» **Exercise**
Beneath this instruction is a block of data; output from it exactly the lines that run from the one containing "Slavery is white" through the one containing "谁看过韩国电影《美丽》能告诉我！这个电影说明什么？", inclusive.

» **Dataset excerpts**
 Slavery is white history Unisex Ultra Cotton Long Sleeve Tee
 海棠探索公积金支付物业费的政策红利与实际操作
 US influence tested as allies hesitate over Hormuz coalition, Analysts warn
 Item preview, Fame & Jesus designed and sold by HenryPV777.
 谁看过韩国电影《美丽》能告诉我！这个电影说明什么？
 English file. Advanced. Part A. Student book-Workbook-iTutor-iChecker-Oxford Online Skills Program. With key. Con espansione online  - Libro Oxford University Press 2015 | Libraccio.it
==
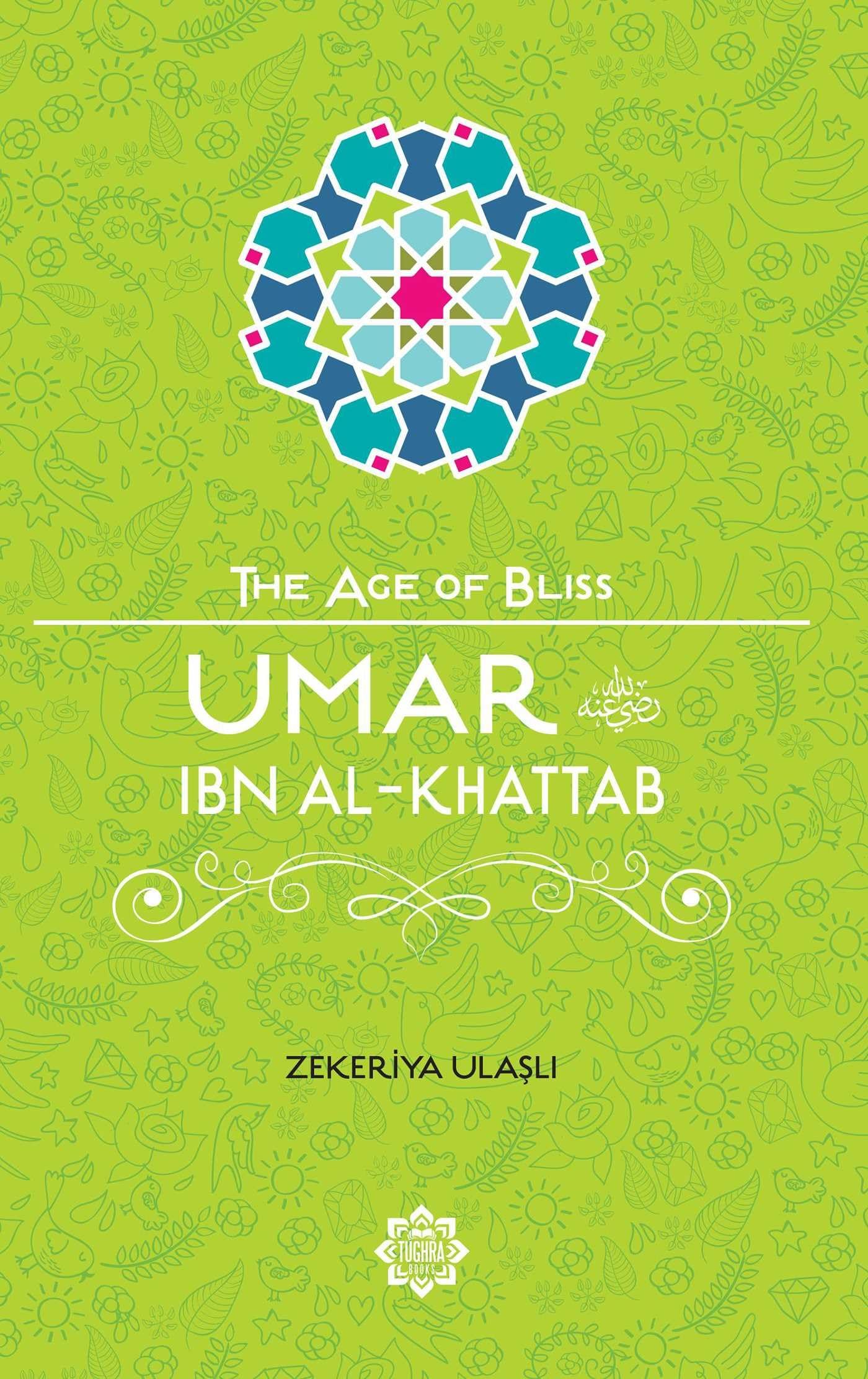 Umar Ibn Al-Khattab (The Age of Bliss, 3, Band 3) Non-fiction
==
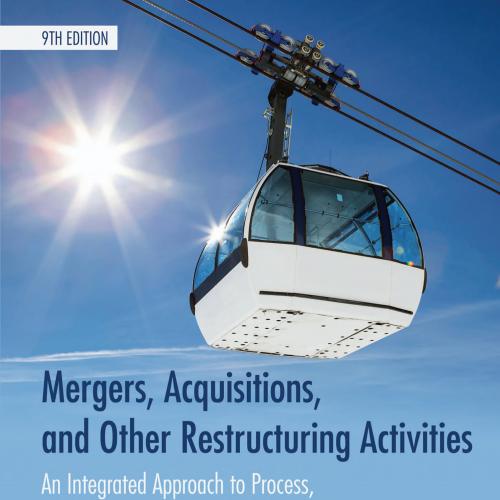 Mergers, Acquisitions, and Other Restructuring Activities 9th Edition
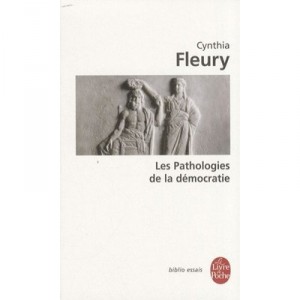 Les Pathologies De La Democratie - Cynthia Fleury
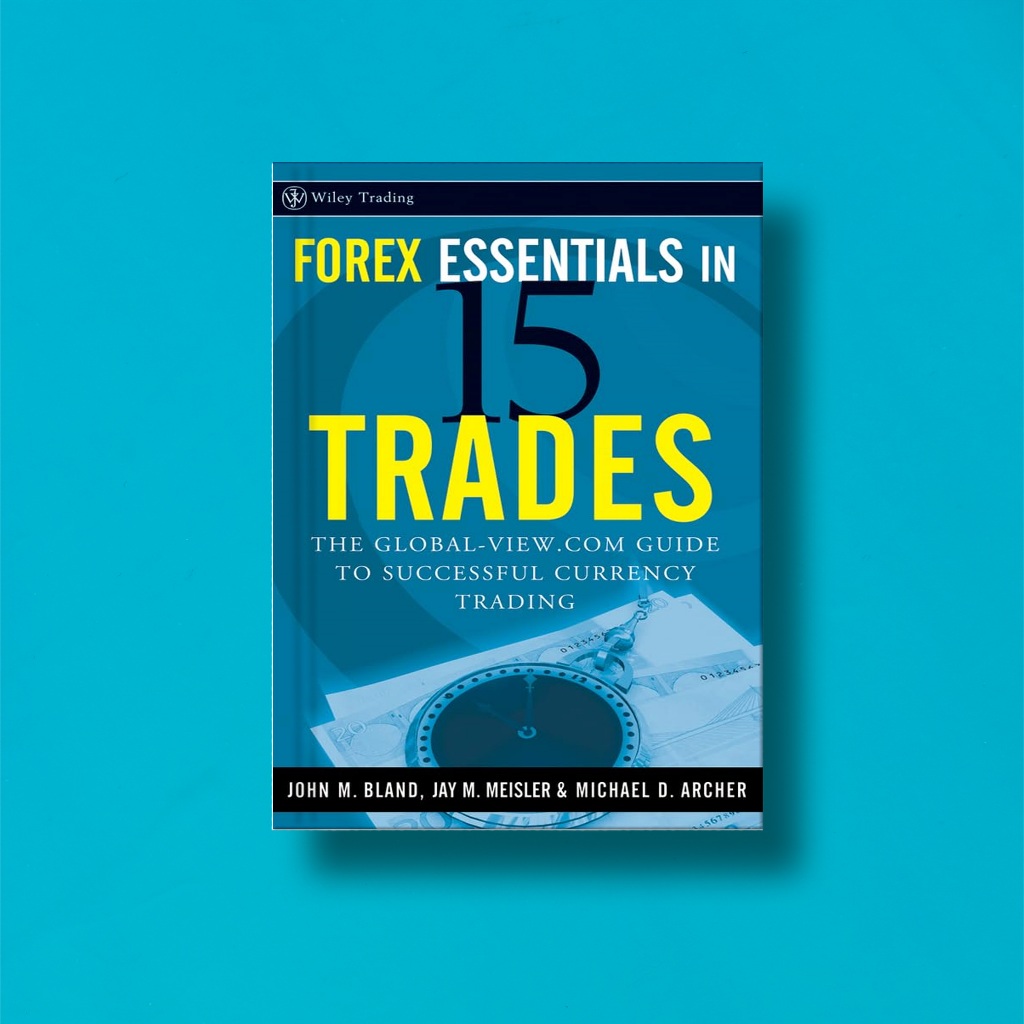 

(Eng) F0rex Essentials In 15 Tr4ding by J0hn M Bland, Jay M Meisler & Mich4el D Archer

» **Solution below**
 Slavery is white history Unisex Ultra Cotton Long Sleeve Tee
 海棠探索公积金支付物业费的政策红利与实际操作
 US influence tested as allies hesitate over Hormuz coalition, Analysts warn
 Item preview, Fame & Jesus designed and sold by HenryPV777.
 谁看过韩国电影《美丽》能告诉我！这个电影说明什么？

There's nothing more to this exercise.